13. Não havendo, portanto, uma regra relativa à arbitragem de Direito Administrativo no CPTA que regule os encargos com o processo arbitral – e por o n.º 5, do artigo 42.º da LAV permitir que as partes possam convencionar uma solução –, deve entender-se que, para o caso em disputa, a resposta que se encontra no regulamento do centro de arbitragem escolhido pelas partes, no caso concreto o RegCAAD, é a aplicável.
De facto, nos termos do n.º 1, do artigo 26.º do RegCAAD, “[o] tribunal decide a causa segundo o direito constituído”, aditando o n.º 2 que: “[a]s questões processuais suscitadas pela aplicação do presente Regulamento são decididas de acordo com o princípio da livre condução do processo pelo tribunal, dependendo ainda a aplicação de quaisquer normas subsidiárias da respetiva conformação com os princípios consagrados no artigo 5.º”.
14. Finalmente, e sem margem para dúvidas, estabelece o n.º 5, do artigo 29.º do RegCAAD que: “[n]as arbitragens que tenham por objeto questões emergentes de relações jurídicas de emprego público não há lugar a fixação do critério de repartição de encargos processuais, pagando-se em função do valor fixado nas tabelas de encargos processuais”. Tal significa que, por parte do árbitro, não há lugar a fixar um critério de repartição de encargos processuais, visto que, ao escolherem o CAAD, as partes optaram por uma tal solução: os encargos processuais são determinados de acordo com o valor fixado nas tabelas de encargos da arbitragem administrativa do CAAD. Respeitando-se, assim, a vontade das partes, conclui-se que o valor a pagar por cada uma das partes é o que se encontra fixado nas tabelas de encargos processuais.
IV. Decisão
Assim, pelos fundamentos acima expostos, decide este tribunal arbitral:
a) Julgar extinta a instância por inutilidade superveniente da lide;
b) Condenar as partes ao pagamento das custas do processo, nos termos do disposto do artigo 29.º, n.º 5, do RegCAAD.
V. Valor da causa e encargos
4 Sobre este problema, com desenvolvimentos, v.
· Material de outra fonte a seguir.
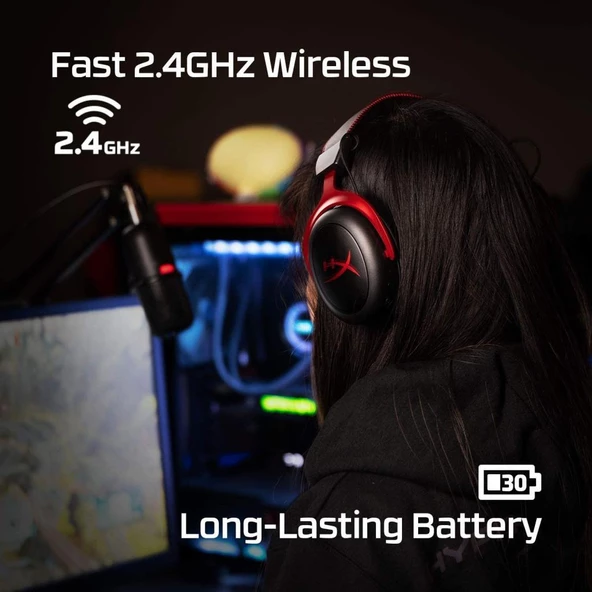 HyperX Cloud II Wireless 7.1 HHSC2X-BA-RD Mikrofonlu Kulak Üstü Oyuncu Kulaklığı - 4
ARTUR FLAMÍNIO DA SILVA, “A “manifestação expressa” na remissão para regulamentos de centros de arbitragem e o recurso na Arbitragem de Direito Administrativo: a propósito de uma inversão jurisprudencial recente”, in Estudos de Direito Administrativo, 3.ª Edição, Coimbra, Almedina, 2024, pp. 181 e ss.
Fixa-se o valor da causa em 30.000, 01€ (trinta mil euros e um cêntimo), nos termos do artigo 34.º do CPTA e os encargos processuais nos termos do artigo 29.º, n.º 5, do Reg CAAD.
VI. Notificação e publicidade
Notifiquem-se as partes e promova-se publicitação da decisão nos termos legais e regulamentares.